As far as I can tell, there is nothing like this on the market at the moment and DuckDB has found its unique niche i.e. dependency-free, embedded datastore for processing OLAP-style, relational data with speed and ease.

Also, if you’re interested in what motivated the founders of DuckDB to create it and a high-level system overview, there is a really good talk published by the CMU Database Group on YouTube (see video below).

Performance Analysis

If you follow database trends, ClickHouse is emerging as the go-to, open-source darling of on-prem and cloud OLAP-style data processing engine. I’m yet to get my hands on it and take it for a spin but I feel it would be unfair to compare it to DuckDB as they are intended for different crowd and applications. Both are open-source, column-oriented, OLAP databases but while Clickhouse is targeting distributed, enterprise-grade, big data workloads, DuckDB was developed primarely to bridge the gap between locally deployed databases and data science, dealing with small-to-medium data volumes. As such, in this post I will not compare individual RDBMSs and only outline how to load TPC-DS benchmark data and run SQL queries to look at DuckDB analytical workload performance.

Firstly, let’s load some data. Flat files with test data were staged on a PCI-E SSD drive and all subsequent operations and queries were run on a Mac Pro 2012 with 112GB of memory and 2 x Intel Xeon X5690 CPUs. The following script creates an empty DuckDB database and schema.

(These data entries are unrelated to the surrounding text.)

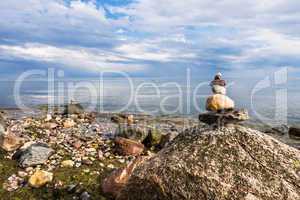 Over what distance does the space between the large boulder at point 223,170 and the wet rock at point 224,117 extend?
193mm

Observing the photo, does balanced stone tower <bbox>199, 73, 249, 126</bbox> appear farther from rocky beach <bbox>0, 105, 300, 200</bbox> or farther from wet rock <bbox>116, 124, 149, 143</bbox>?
wet rock <bbox>116, 124, 149, 143</bbox>

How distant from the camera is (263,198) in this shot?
305 inches

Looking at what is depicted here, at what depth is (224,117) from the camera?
27.8 ft

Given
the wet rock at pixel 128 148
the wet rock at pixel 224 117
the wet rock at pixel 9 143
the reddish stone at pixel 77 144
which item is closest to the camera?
the wet rock at pixel 224 117

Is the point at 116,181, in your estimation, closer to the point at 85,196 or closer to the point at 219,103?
the point at 85,196

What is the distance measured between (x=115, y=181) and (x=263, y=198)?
5455 millimetres

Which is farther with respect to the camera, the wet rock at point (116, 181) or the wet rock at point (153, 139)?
the wet rock at point (153, 139)

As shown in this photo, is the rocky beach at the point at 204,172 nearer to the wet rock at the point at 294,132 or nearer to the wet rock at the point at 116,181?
the wet rock at the point at 116,181

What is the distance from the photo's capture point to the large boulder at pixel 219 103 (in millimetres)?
8531

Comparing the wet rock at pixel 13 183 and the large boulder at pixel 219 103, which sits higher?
the large boulder at pixel 219 103

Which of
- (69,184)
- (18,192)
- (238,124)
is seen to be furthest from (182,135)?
(18,192)

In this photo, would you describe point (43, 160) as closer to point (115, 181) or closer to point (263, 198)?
point (115, 181)

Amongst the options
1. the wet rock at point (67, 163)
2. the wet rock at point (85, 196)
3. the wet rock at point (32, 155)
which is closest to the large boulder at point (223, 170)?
the wet rock at point (85, 196)

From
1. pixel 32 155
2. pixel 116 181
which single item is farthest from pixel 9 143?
pixel 116 181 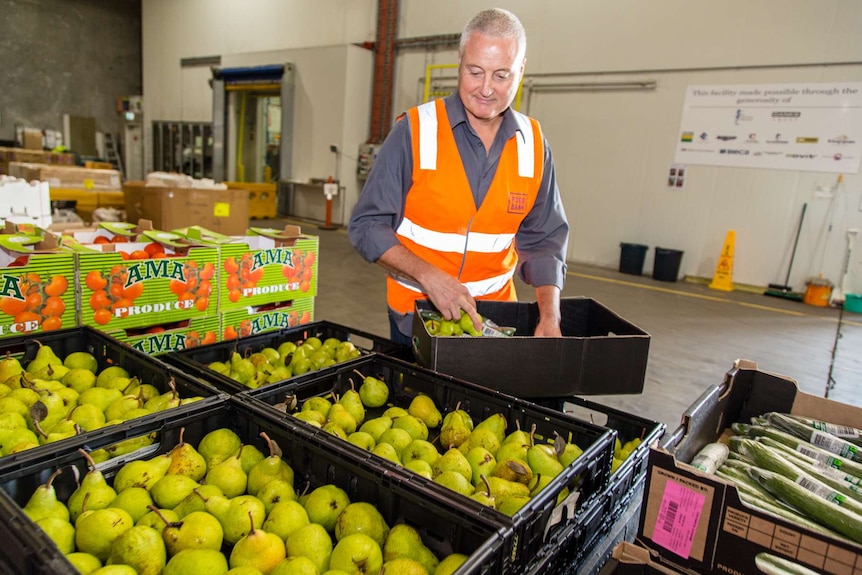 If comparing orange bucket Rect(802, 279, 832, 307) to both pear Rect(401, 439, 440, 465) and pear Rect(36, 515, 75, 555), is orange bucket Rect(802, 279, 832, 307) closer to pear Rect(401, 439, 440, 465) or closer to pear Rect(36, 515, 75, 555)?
pear Rect(401, 439, 440, 465)

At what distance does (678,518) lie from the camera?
96 cm

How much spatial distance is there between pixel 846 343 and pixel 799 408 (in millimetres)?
4590

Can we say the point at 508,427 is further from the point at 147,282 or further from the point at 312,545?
the point at 147,282

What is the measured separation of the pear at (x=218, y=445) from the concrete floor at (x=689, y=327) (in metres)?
2.73

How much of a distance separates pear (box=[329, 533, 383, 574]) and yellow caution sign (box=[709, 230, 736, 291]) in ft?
24.3

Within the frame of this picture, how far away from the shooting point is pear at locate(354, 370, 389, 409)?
1.42m

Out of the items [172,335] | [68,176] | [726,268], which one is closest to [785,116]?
[726,268]

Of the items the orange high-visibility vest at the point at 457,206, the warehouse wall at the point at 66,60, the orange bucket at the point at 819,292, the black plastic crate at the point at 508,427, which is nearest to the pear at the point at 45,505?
the black plastic crate at the point at 508,427

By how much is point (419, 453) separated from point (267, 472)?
30 cm

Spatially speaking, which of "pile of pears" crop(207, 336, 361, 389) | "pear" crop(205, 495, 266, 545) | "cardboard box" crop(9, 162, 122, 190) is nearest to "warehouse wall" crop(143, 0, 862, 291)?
"cardboard box" crop(9, 162, 122, 190)

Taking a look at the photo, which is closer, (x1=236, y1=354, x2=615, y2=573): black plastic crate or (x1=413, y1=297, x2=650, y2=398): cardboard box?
(x1=236, y1=354, x2=615, y2=573): black plastic crate

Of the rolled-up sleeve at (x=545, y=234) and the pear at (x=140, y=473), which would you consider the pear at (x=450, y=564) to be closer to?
the pear at (x=140, y=473)

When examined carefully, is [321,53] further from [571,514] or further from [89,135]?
[571,514]

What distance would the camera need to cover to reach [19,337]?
148 cm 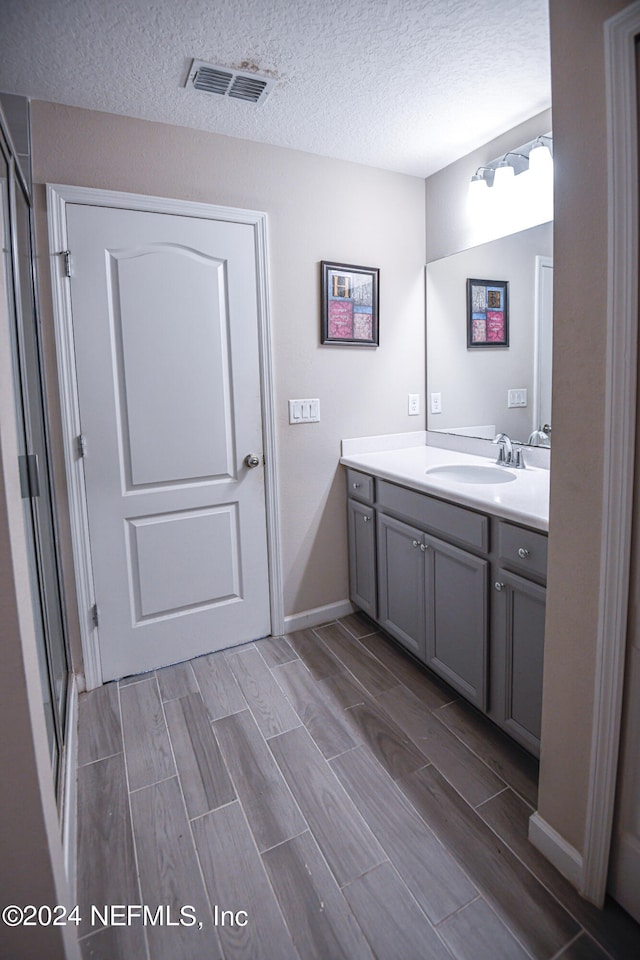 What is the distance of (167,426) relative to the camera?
7.00 feet

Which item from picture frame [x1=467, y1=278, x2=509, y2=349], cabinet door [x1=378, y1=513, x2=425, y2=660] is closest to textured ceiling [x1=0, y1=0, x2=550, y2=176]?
picture frame [x1=467, y1=278, x2=509, y2=349]

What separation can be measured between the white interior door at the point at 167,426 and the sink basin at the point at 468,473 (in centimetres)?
83

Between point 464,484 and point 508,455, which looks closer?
point 464,484

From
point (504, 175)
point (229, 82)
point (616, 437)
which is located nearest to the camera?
point (616, 437)

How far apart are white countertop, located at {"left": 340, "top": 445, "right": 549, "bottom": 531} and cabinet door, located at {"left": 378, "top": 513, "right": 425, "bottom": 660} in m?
0.21

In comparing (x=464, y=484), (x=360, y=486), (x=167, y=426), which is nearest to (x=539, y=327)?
(x=464, y=484)

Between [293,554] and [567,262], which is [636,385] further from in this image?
[293,554]

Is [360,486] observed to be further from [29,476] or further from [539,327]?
Result: [29,476]

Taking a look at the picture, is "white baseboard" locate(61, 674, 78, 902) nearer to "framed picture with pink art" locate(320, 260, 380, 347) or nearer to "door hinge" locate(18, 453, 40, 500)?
"door hinge" locate(18, 453, 40, 500)

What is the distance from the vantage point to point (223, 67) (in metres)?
1.66

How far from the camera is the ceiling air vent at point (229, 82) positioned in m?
1.67

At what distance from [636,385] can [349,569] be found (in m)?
1.86

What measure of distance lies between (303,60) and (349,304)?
1.00m

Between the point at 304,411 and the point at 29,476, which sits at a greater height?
the point at 304,411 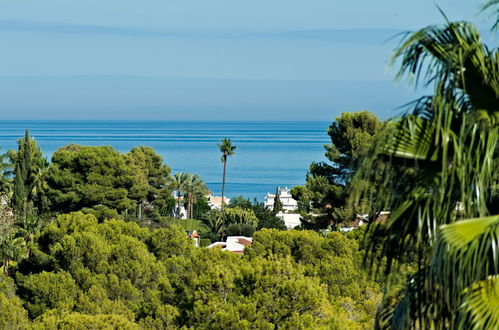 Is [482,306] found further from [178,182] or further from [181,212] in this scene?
[181,212]

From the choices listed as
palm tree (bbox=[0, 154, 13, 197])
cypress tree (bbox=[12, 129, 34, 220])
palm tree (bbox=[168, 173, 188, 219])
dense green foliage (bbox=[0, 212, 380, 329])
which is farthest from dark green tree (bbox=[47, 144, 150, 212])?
palm tree (bbox=[168, 173, 188, 219])

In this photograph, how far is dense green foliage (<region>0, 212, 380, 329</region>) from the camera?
54.5 ft

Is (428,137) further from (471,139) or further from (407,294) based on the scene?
(407,294)

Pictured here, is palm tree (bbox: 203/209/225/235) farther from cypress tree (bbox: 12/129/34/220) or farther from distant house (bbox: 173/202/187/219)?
distant house (bbox: 173/202/187/219)

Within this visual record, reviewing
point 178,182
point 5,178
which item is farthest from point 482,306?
point 178,182

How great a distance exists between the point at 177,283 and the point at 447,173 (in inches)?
711

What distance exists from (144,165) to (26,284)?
150ft

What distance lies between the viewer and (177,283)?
70.1ft

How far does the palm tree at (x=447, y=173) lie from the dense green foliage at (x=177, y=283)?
Result: 36.2 feet

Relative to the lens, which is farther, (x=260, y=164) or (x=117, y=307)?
(x=260, y=164)

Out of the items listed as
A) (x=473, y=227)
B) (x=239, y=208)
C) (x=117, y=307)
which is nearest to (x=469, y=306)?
(x=473, y=227)

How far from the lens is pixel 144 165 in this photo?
70375 millimetres

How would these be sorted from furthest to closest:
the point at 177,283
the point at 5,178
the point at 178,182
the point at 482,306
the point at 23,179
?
the point at 178,182
the point at 5,178
the point at 23,179
the point at 177,283
the point at 482,306

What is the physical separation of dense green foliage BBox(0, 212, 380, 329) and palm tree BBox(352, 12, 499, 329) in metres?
11.0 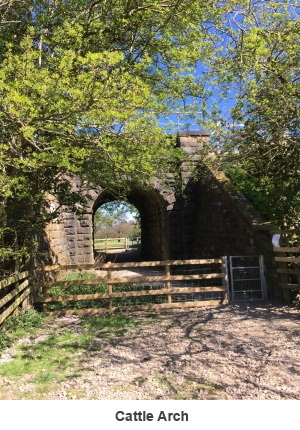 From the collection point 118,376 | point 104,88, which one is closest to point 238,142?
point 104,88

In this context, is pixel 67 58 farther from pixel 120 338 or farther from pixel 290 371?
pixel 290 371

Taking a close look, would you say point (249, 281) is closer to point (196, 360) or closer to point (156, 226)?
point (196, 360)

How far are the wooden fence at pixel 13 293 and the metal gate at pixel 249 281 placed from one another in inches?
174

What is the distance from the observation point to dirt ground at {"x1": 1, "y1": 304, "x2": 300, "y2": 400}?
3.73 metres

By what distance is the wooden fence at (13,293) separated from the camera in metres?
5.73

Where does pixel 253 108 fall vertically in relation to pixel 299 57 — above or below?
below

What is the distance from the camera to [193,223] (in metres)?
13.7

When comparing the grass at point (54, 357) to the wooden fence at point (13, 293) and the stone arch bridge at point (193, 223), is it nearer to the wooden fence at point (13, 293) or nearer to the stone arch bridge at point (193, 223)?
the wooden fence at point (13, 293)

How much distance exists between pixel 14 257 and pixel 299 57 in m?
6.54

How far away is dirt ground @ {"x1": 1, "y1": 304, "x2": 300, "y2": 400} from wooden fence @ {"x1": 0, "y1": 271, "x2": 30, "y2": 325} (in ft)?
2.81

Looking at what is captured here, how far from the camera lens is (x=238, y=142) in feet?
25.9

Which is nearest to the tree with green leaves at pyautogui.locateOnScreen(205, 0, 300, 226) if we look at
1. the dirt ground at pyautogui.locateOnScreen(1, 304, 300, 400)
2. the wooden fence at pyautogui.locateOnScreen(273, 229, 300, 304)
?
the wooden fence at pyautogui.locateOnScreen(273, 229, 300, 304)

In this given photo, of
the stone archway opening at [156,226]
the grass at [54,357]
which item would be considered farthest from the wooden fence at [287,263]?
the stone archway opening at [156,226]

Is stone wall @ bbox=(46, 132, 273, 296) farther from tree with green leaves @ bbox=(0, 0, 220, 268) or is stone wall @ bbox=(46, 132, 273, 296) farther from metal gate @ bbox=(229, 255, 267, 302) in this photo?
tree with green leaves @ bbox=(0, 0, 220, 268) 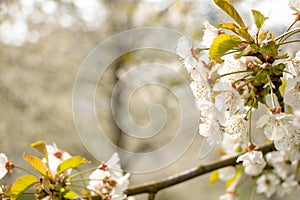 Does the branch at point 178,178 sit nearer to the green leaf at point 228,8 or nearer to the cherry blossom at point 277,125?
the cherry blossom at point 277,125

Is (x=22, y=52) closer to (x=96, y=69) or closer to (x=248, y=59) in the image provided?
(x=96, y=69)

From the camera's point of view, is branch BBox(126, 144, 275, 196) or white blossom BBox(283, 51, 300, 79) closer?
white blossom BBox(283, 51, 300, 79)

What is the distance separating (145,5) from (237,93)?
14.2 ft

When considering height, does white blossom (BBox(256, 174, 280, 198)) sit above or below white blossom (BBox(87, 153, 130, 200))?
below

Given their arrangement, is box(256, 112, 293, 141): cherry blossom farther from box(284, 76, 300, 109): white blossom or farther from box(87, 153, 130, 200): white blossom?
box(87, 153, 130, 200): white blossom

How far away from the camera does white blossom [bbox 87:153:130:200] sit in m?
1.03

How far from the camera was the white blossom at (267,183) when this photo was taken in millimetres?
1584

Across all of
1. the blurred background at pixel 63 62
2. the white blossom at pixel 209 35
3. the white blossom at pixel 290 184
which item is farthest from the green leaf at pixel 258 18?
the blurred background at pixel 63 62

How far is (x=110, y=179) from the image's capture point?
1062 millimetres

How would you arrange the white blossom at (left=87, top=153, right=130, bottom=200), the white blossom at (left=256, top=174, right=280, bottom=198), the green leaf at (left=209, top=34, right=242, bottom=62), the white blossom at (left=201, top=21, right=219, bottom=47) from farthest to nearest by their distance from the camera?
the white blossom at (left=256, top=174, right=280, bottom=198) < the white blossom at (left=87, top=153, right=130, bottom=200) < the white blossom at (left=201, top=21, right=219, bottom=47) < the green leaf at (left=209, top=34, right=242, bottom=62)

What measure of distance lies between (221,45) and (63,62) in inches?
202

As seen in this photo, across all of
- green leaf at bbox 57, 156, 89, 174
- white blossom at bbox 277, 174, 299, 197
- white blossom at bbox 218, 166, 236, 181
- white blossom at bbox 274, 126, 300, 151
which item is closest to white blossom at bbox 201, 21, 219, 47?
white blossom at bbox 274, 126, 300, 151

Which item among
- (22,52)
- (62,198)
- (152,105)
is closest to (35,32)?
(22,52)

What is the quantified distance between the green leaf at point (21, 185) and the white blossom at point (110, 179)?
0.19 metres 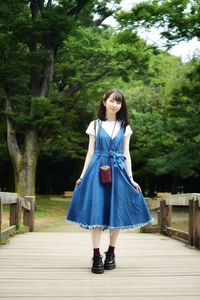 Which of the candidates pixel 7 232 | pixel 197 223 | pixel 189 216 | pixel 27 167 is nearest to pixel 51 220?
pixel 27 167

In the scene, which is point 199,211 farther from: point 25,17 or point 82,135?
point 82,135

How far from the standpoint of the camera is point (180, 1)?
1397 centimetres

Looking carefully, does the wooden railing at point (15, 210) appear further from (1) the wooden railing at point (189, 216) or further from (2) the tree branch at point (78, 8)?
(2) the tree branch at point (78, 8)

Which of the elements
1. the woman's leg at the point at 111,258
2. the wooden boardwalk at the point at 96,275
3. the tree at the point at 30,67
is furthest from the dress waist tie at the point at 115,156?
the tree at the point at 30,67

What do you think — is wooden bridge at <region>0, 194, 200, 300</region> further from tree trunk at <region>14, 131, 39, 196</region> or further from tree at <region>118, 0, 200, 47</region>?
tree trunk at <region>14, 131, 39, 196</region>

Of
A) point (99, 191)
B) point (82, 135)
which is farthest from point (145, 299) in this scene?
point (82, 135)

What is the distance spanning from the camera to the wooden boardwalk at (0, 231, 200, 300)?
3.16 m

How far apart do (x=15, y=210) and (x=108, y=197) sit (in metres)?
4.19

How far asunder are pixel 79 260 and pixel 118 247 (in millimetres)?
1213

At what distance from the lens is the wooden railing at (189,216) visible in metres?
5.71

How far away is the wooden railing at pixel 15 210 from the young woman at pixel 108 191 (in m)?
2.23

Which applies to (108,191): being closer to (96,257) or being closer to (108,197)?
(108,197)

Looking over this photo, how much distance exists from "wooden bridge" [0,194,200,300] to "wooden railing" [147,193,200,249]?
16 mm

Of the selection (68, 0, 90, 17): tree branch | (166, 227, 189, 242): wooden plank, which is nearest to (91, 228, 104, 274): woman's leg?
(166, 227, 189, 242): wooden plank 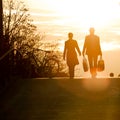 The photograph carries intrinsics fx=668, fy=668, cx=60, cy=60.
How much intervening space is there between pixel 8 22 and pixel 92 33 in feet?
145

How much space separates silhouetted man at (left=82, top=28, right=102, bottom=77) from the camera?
76.7 feet

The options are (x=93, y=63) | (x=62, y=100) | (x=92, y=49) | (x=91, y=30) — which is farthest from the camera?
(x=93, y=63)

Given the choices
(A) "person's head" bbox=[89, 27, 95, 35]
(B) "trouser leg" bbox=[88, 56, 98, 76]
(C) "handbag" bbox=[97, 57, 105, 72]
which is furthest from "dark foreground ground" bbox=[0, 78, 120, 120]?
(C) "handbag" bbox=[97, 57, 105, 72]

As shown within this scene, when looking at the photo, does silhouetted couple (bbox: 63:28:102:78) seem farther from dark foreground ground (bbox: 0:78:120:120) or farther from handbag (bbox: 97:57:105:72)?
dark foreground ground (bbox: 0:78:120:120)

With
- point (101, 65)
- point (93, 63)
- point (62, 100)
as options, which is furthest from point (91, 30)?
point (62, 100)

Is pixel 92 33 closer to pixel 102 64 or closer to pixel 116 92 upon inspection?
pixel 102 64

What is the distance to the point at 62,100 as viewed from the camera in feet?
61.0

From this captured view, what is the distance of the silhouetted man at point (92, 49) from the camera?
23391mm

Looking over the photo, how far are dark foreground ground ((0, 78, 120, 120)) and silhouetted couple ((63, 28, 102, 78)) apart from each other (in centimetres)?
318

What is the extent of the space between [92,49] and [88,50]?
0.62ft

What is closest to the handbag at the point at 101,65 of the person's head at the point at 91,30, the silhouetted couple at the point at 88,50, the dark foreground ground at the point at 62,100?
the silhouetted couple at the point at 88,50

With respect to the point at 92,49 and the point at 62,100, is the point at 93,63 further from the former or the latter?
the point at 62,100

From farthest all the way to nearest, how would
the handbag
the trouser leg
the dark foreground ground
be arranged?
1. the handbag
2. the trouser leg
3. the dark foreground ground

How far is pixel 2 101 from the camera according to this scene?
18.7m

It also loads 10GB TPC-DS data, spread across 25 CSV files, using COPY command (for performance testing I also repeated this process for 20GB and 30GB data sets).

import duckdb
import sys
import os
from pathlib import PurePosixPath, Path
from timeit import default_timer as timer
from humanfriendly import format_timespan

sql_schema = PurePosixPath("/Path/Code/SQL/tpcds_ddls.sql")
tpc_ds_files_raw = r"/Path/Data/10GB/"
duckdb_location = PurePosixPath("/Path/DB/")
duckdb_filename = "testdb.db"
csv_file_delimiter = '|'


def get_sql(sql_schema):
    table_name = []
    query_sql = []

    with open(sql_schema, "r") as f:
        for i in f:
            if i.startswith("----"):
                i = i.replace("----", "")
                table_name.append(i.rstrip("\n"))

    temp_query_sql = []
    with open(sql_schema, "r") as f:
        for i in f:
            temp_query_sql.append(i)
        l = [i for i, s in enumerate(temp_query_sql) if "----" in s]
        l.append((len(temp_query_sql)))
        for first, second in zip(l, l[1:]):
            query_sql.append("".join(temp_query_sql[first:second]))
    sql = dict(zip(table_name, query_sql))
    return sql


def BuildSchema(conn, tables, csv_file_delimiter, duckdb_location, duckdb_filename, sql, tpc_ds_files_raw):
    sql = {x: sql[x] for x in sql if x in tables}
    for k, v in sql.items():
        try:
            cursor = conn.cursor()
            cursor.execute(v)
            copysql = "COPY {table} FROM '{path}{table}.csv' (DELIMITER '{delimiter}')".format(
                table=k, path=tpc_ds_files_raw, delimiter=csv_file_delimiter)
            print('Loading table {table} into {dbname} database...'.format(dbname=duckdb_filename,
                                                                           table=k), end="", flush=True)
            table_load_start_time = timer()
            cursor.execute(copysql)
            table_load_end_time = timer()
            table_load_duration = table_load_end_time - table_load_start_time
            file_row_rounts = sum(
                1
                for line in open(
                    tpc_ds_files_raw+k+'.csv',
                    newline="",
                )
            )
            cursor.execute(
                "SELECT COUNT(1) FROM {table}".format(
                    table=k)
            )
            record = cursor.fetchone()
            db_row_counts = record[0]
            if file_row_rounts != db_row_counts:
                raise Exception(
                    "Table {table} failed to load correctly as record counts do not match: flat file: {ff_ct} vs database: {db_ct}.\
                            Please troubleshoot!".format(
                        table=k,
                        ff_ct=file_row_rounts,
                        db_ct=db_row_counts,
                    )
                )
            else:
                print('{records} records loaded successfully in {time}.'.format(
                    records=db_row_counts, time=format_timespan(table_load_duration)))
            cursor.close()

        except Exception as e:
            print(e)
            sys.exit(1)


if __name__ == "__main__":
    if os.path.isfile(os.path.join(duckdb_location, duckdb_filename)):
        os.remove(os.path.join(duckdb_location, duckdb_filename))
    conn = duckdb.connect(os.path.join(duckdb_location, duckdb_filename))
    ver = conn.execute("PRAGMA version;").fetchone()
    print('DuckDB version (git short hash) =', ver[1])
    sql_schema = get_sql(sql_schema)
    tables = [q for q in sql_schema]
    BuildSchema(conn, tables, csv_file_delimiter, duckdb_location,
                duckdb_filename, sql_schema, tpc_ds_files_raw)
    conn.close()

Looking at the execution times, the script run in just over 20 minutes. Largest table (size-wise), i.e. ‘store_sales’, containing over 28 million records took just under 3 minutes, whereas a table with the highest amount of records i.e. ‘inventory’ took over 11 minutes.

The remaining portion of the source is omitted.